Y es que en gran medida, los menores resultan tan desgastantes porque son preciados. Representan el futuro de la humanidad, son depositarios de nuestra esperanza y son la mejor manifestación del karma: todo el amor que les damos, nos lo regresan.
Pero una situación en la que me veo especialmente afectada es en los autobuses que viajan de una ciudad a otra. La aparición de críos en el escenario es pavorosa. Significan, comúnmente, llantos, berrinches, vómitos, vocecitas chillonas que no encuentran descanso y cómo no, significan también funestas patadas al asiento.
Pero en lo que también se traduce la existencia de un infante viajero, y que es inconmensurablemente peor, es en un padre o madre que está histérico y que, a pesar de gritos y esfuerzos, no logra controlar a su descendencia. (¿Será directamente proporcional la histeria con la falta de control?
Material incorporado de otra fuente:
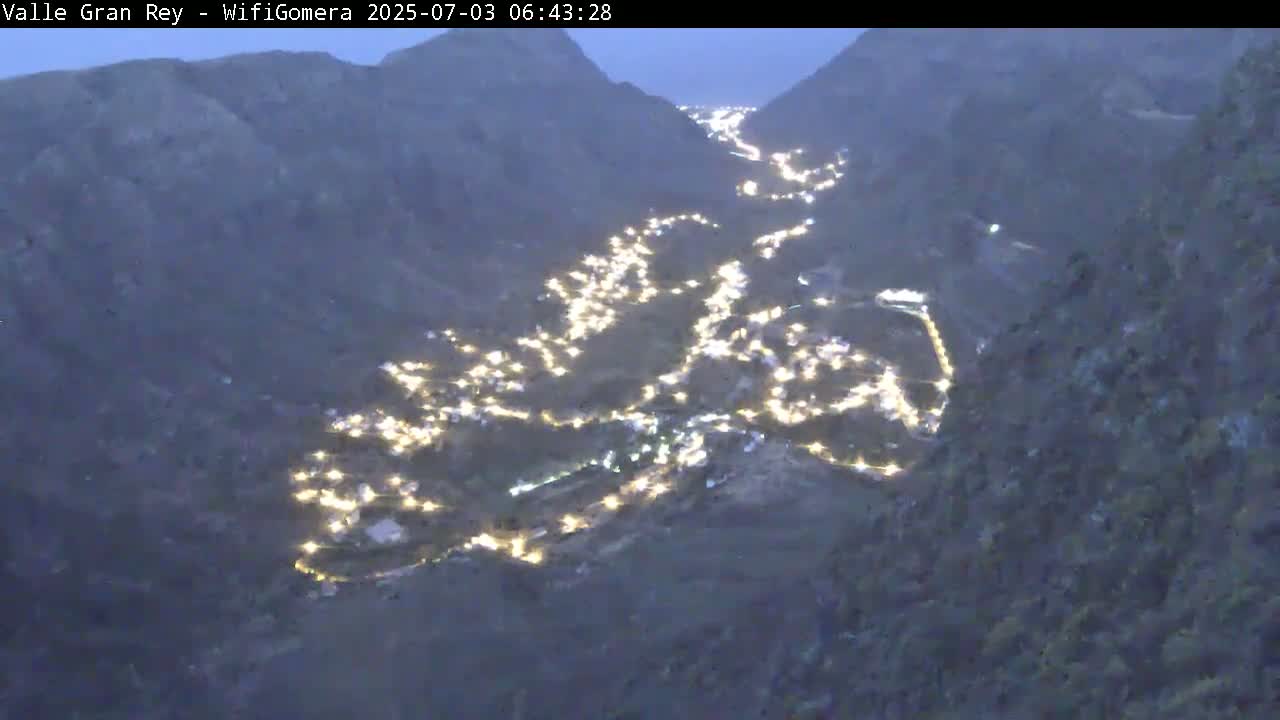 La Gomera, Valle Gran Rey & La Calera Live Cam -  Santa Cruz de Tenerife, Canary Islands, Spain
Más aún: ¿es la histeria falta de control?) Qué gusto da ver a jefes de familia que de hecho consiguen disciplinar a sus hijos. Y qué gusto da, por supuesto, ver a niños jugando al muertito durante todo el trayecto.
Ahora me encuentro viajando de un sitio a otro. Y mientras que pude haber hablado de la mujer sentada a mi lado, gorda y de brazos pozoleros que no consiguen quedarse pegados al tronco de su cuerpo y en cambio me propina codazos de vez en cuando, rubia de paquete de 35 pesos en Walmart y comedora compulsiva de galletas Emperador, no lo haré.
Simplemente le dedicaré todo mi desprecio al niño atrás de mí que sigilosa y efectivamente me esta fastidiando los riñones con sus pataditas castrosas. Los odio, niños de autobús. Los odio.